Not a stupid question at all. There are two reasons verification tends to happen in these specialized languages: the languages we usually use are often not expressive enough to write things like specifications, and a bit too expressive in the sense of letting people write program logic that is insanely difficult to verify (think untyped pointers into a dynamically allocated heap for example). So these verification related languages often are more expressive on the spec side and more restrictive in terms of what kind of code you can write.

> … verify/synthesize invariants in languages people use?

Good question. This is the holy grail. This is what everyone in PL research would love. This is where we want to get to.

Turns out a language as “simple” as C has sufficiently complicated semantics as to limit rigorous analysis to the basics. One example is loop analysis: it’s very useful to know that a loop will terminate eventually; if a loop is modifying some state and—worse—if the iteration variable gets modified—kiss your analysis goodbye because mechanically synthesizing strong pre- and post-conditions becomes insurmountable. It’s not an engineering challenge. It’s a math/pure CS theory challenge.

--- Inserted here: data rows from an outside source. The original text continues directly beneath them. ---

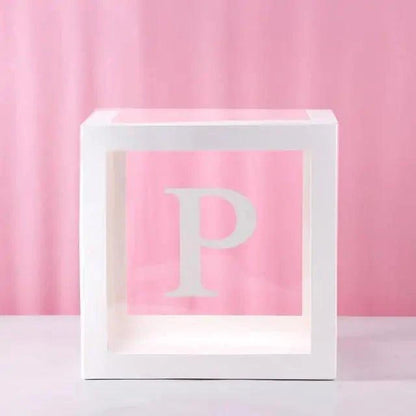 Enchanting Gender Reveal Balloon Box for Memorable Baby Showers - Home Kartz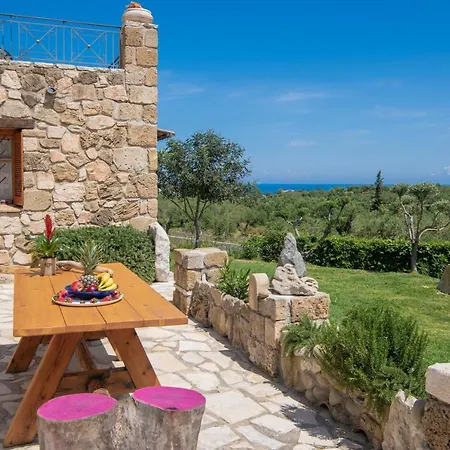 Semesterbostad Gerakopetra Vasilikí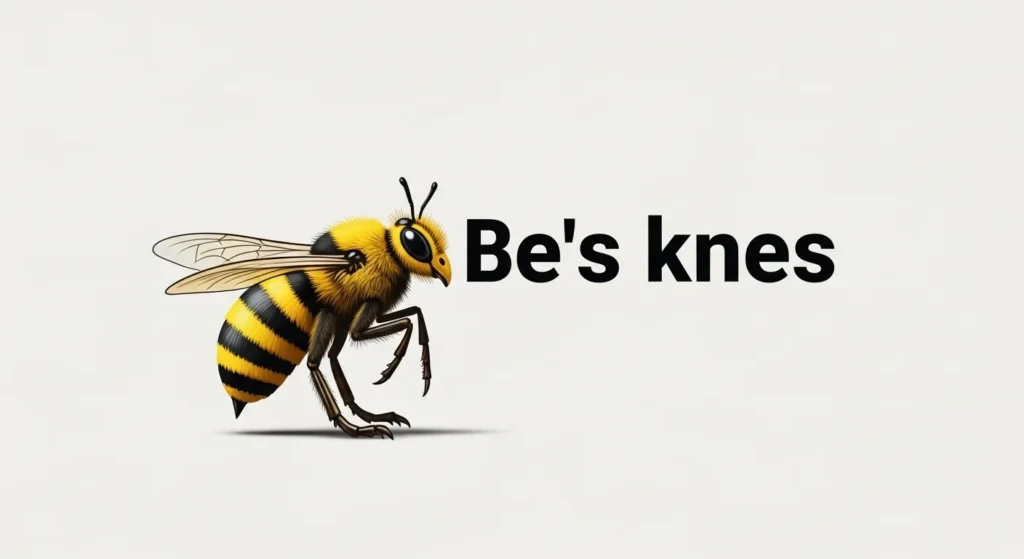 bee’s knees meaning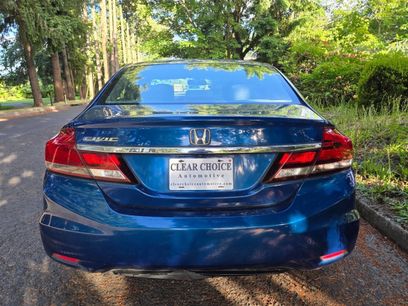 Used 2014 Honda Civic EX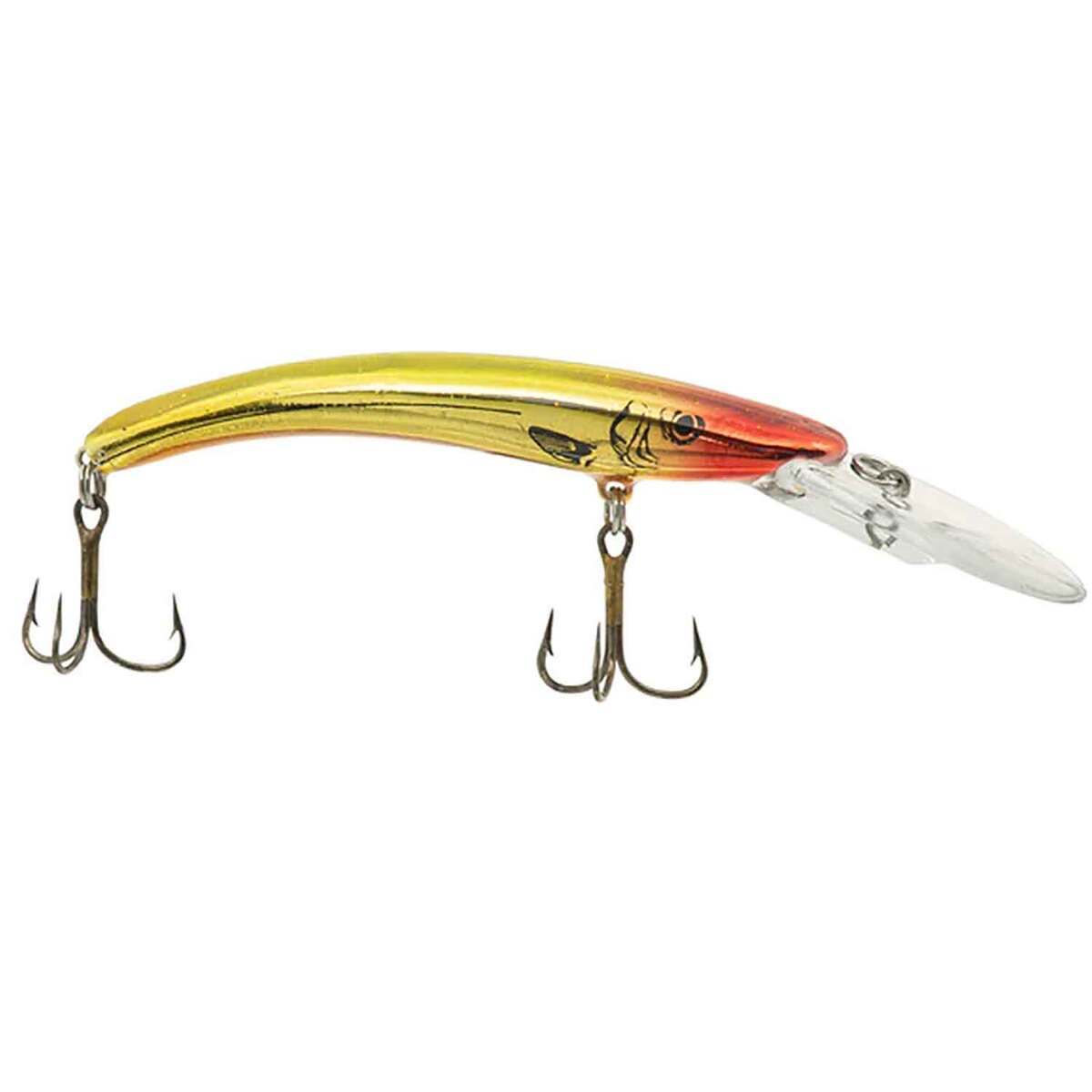ACME Reef Runner Deep Ripper Extra Deep Diving Crankbait ACME Reef Runner Deep Ripper Extra Deep Diving Crankbait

Most existing mainstream languages aren’t expressive enough to encode these invariants. For languages outside of the mainstream, Lean 4 is a language supporting verification, and it’s also a full programming language, so you can write your proofs/theorems in the same language that you program in.

That's what we use when we can limit our loop count and recursion depth somehow. Prove it for small data, and infer from it for big data.

I use C and C++ model checkers, like cbmc and its variants (esbmc) successfully, but you need to adjust your tests and loops a bit. Like #ifdef __VERIFIER__ or #ifdef __CPROVER__ https://diffblue.github.io/cbmc/cprover-manual/index.html

The semantics of Dafny is carefully designed to make verification efficient.

Dafny can compile to and interface with a few languages, including C#.

Dafny has been around for a while and people do in fact use it. People also apply contract languages to C and all matter of other things, so really question boils down to "Why arent you doing what I expect of you?"